Problem details
Take the entries that follow and return exactly the lines from the one holding "(full bodyesbian:1.1），(1girll:1.3)，(anatomy correct:1.4),(Walk" through the one holding "Super Deal Acrylic", both included. Nothing else is needed.
*** Opening Task input ***
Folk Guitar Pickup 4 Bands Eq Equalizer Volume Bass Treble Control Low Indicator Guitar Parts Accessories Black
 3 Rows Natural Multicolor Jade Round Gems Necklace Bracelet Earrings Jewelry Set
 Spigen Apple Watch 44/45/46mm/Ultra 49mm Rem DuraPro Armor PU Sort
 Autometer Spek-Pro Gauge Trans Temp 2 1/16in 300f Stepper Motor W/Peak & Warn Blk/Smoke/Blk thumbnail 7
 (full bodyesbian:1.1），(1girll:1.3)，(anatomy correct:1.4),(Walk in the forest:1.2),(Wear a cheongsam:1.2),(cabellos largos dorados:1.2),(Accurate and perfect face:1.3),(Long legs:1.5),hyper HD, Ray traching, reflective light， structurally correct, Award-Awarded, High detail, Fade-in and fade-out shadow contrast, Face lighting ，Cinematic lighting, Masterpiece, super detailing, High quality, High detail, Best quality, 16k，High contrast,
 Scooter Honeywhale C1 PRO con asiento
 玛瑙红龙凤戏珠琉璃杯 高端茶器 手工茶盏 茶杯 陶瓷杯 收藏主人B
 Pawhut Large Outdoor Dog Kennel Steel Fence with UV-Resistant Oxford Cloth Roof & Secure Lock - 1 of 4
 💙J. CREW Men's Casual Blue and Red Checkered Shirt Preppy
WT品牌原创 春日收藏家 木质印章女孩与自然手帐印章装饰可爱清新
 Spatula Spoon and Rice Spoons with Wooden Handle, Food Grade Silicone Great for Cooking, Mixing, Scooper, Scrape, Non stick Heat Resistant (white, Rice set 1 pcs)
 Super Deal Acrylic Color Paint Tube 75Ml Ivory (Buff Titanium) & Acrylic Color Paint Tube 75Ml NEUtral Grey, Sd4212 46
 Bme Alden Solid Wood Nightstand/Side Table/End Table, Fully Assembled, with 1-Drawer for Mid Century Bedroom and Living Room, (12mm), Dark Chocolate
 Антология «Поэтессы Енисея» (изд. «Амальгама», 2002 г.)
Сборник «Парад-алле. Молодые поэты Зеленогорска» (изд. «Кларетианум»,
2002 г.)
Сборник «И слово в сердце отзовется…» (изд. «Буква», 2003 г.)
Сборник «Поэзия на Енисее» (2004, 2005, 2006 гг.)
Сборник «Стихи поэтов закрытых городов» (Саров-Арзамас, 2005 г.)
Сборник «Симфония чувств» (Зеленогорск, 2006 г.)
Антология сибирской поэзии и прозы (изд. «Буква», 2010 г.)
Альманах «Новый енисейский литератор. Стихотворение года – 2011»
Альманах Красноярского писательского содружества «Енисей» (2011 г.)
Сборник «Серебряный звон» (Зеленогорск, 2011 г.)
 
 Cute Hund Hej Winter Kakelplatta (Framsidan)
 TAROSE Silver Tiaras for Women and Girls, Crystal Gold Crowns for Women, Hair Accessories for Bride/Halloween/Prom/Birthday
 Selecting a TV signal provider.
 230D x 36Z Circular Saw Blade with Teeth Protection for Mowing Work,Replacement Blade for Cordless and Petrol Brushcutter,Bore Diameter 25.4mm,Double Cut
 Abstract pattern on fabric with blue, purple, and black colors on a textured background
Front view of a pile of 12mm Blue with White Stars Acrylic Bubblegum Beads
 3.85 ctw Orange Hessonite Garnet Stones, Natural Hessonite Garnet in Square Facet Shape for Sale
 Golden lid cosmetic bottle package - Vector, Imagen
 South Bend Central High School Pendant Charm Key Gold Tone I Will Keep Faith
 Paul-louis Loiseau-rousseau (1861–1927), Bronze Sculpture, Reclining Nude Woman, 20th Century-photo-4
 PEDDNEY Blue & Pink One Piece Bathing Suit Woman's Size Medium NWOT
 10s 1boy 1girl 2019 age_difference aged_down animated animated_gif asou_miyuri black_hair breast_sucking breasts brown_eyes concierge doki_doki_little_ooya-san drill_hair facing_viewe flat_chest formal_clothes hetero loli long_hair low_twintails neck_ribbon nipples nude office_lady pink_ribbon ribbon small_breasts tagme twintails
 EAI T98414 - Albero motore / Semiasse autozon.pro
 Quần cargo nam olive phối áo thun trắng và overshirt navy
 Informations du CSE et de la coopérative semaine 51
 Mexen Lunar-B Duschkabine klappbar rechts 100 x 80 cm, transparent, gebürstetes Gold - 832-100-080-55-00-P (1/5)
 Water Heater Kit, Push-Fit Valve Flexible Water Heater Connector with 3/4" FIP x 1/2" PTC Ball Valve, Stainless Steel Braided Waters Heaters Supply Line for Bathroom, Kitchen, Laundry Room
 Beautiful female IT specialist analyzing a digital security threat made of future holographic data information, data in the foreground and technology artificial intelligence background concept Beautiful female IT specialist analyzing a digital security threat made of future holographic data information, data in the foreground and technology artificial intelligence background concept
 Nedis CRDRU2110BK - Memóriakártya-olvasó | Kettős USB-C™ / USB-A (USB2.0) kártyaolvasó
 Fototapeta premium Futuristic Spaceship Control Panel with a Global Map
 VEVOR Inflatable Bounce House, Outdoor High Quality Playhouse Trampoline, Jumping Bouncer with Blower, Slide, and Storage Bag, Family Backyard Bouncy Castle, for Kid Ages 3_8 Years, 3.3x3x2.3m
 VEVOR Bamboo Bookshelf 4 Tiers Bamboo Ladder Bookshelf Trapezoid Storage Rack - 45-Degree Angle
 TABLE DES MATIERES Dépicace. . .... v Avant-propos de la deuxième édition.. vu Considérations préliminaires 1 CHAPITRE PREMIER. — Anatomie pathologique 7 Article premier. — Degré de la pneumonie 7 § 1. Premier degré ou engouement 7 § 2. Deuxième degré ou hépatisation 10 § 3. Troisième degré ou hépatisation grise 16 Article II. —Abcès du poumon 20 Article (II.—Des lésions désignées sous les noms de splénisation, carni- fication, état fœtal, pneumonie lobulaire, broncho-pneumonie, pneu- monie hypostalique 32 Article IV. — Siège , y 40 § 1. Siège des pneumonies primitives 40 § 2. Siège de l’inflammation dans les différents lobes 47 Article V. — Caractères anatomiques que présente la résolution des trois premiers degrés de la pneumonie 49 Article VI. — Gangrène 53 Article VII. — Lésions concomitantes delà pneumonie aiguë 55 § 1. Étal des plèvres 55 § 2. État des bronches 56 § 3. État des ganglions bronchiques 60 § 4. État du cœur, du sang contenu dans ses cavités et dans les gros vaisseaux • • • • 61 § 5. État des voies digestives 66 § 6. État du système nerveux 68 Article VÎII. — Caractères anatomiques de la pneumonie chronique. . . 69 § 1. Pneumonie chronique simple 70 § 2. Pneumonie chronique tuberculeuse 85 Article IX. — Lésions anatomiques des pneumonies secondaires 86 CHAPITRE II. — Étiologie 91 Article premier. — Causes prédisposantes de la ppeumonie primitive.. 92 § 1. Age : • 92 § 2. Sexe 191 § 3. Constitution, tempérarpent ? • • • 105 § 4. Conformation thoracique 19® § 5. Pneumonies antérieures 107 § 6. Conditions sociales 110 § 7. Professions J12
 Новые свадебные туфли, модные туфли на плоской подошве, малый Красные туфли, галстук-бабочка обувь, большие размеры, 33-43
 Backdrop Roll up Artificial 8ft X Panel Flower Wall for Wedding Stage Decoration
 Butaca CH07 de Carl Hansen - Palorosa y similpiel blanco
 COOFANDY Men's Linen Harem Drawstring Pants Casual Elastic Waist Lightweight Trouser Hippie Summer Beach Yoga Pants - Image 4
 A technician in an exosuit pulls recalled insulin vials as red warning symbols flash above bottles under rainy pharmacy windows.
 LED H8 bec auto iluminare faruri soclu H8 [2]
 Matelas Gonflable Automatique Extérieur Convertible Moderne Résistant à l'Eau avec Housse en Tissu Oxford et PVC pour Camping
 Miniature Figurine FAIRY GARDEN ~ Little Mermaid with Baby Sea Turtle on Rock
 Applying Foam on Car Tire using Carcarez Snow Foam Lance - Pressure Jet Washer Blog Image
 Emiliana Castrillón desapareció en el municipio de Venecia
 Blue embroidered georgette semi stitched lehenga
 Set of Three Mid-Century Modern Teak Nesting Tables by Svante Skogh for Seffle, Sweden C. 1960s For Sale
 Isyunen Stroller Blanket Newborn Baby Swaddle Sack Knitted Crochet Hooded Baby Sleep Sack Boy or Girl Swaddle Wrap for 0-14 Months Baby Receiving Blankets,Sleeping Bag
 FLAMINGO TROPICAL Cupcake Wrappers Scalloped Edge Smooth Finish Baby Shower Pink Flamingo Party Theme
*** Closing Task input ***
Response area
 (full bodyesbian:1.1），(1girll:1.3)，(anatomy correct:1.4),(Walk in the forest:1.2),(Wear a cheongsam:1.2),(cabellos largos dorados:1.2),(Accurate and perfect face:1.3),(Long legs:1.5),hyper HD, Ray traching, reflective light， structurally correct, Award-Awarded, High detail, Fade-in and fade-out shadow contrast, Face lighting ，Cinematic lighting, Masterpiece, super detailing, High quality, High detail, Best quality, 16k，High contrast,
 Scooter Honeywhale C1 PRO con asiento
 玛瑙红龙凤戏珠琉璃杯 高端茶器 手工茶盏 茶杯 陶瓷杯 收藏主人B
 Pawhut Large Outdoor Dog Kennel Steel Fence with UV-Resistant Oxford Cloth Roof & Secure Lock - 1 of 4
 💙J. CREW Men's Casual Blue and Red Checkered Shirt Preppy
WT品牌原创 春日收藏家 木质印章女孩与自然手帐印章装饰可爱清新
 Spatula Spoon and Rice Spoons with Wooden Handle, Food Grade Silicone Great for Cooking, Mixing, Scooper, Scrape, Non stick Heat Resistant (white, Rice set 1 pcs)
 Super Deal Acrylic Color Paint Tube 75Ml Ivory (Buff Titanium) & Acrylic Color Paint Tube 75Ml NEUtral Grey, Sd4212 46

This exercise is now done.